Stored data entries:
⁂

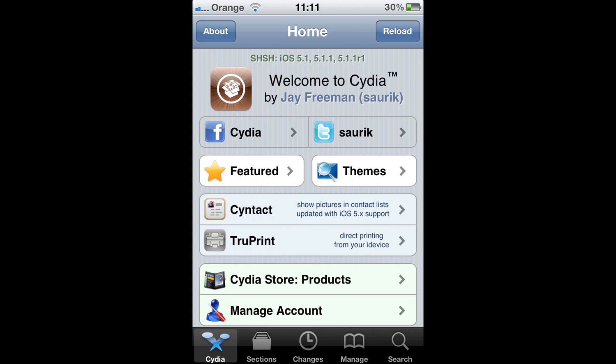This is a Skip 19 video. Today I'm going to be showing you how to untether a tethered jailbreak on 5.1.1.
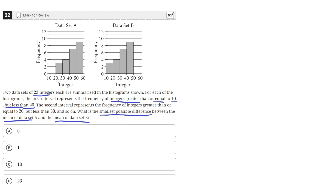The x-axis shows the value in the data set, and the frequency shows how many times that integer occurs. We can see they have the same shape, but data set B is more to the left than data set A, which is more to the right. That means data set A's mean is larger than data set B's. To find the smallest possible difference, we need the smallest mean of data set A and the largest mean of data set B.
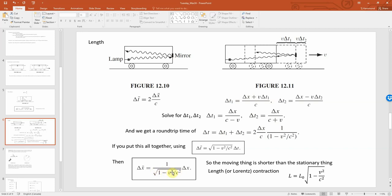Combining this with time dilation, we find that Δx̄ and Δx are related by one over the square root of one minus v²/c², which is greater than one. This is length contraction: the length of the object equals the original length times the square root of one minus v²/c², which is less than one, so a moving object appears shorter. Although Δx̄ is bigger in our derivation, we call this length contraction because the moving length measured is shorter than the rest length.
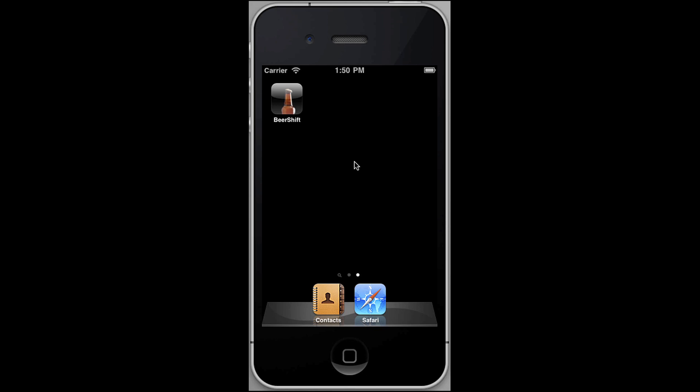I'm going to quickly show you the BeerShift application, which we're going to be developing over the next couple of blog posts in this series.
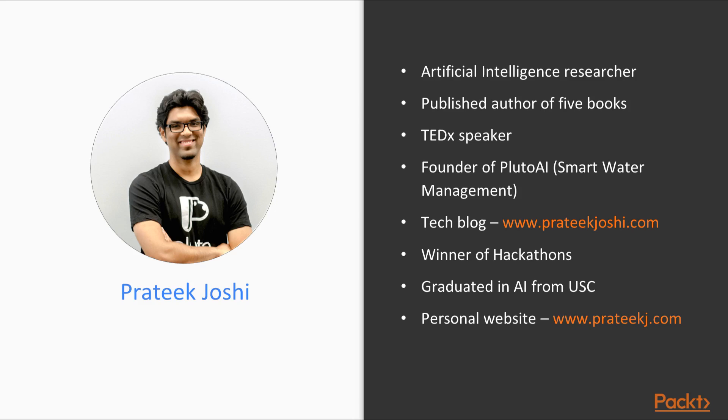He frequently writes on topics such as artificial intelligence, Python programming and abstract mathematics. He graduated from the University of Southern California with a master's degree specializing in artificial intelligence. You can learn more about him on his personal website at www.pratikj.com.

⁂

Start with the first line of the records above and end with the line containing "The x-axis shows". Output those lines exactly, pictures excluded.

# EXERCISE SOLUTION
This is a Skip 19 video. Today I'm going to be showing you how to untether a tethered jailbreak on 5.1.1.
The x-axis shows the value in the data set, and the frequency shows how many times that integer occurs. We can see they have the same shape, but data set B is more to the left than data set A, which is more to the right. That means data set A's mean is larger than data set B's. To find the smallest possible difference, we need the smallest mean of data set A and the largest mean of data set B.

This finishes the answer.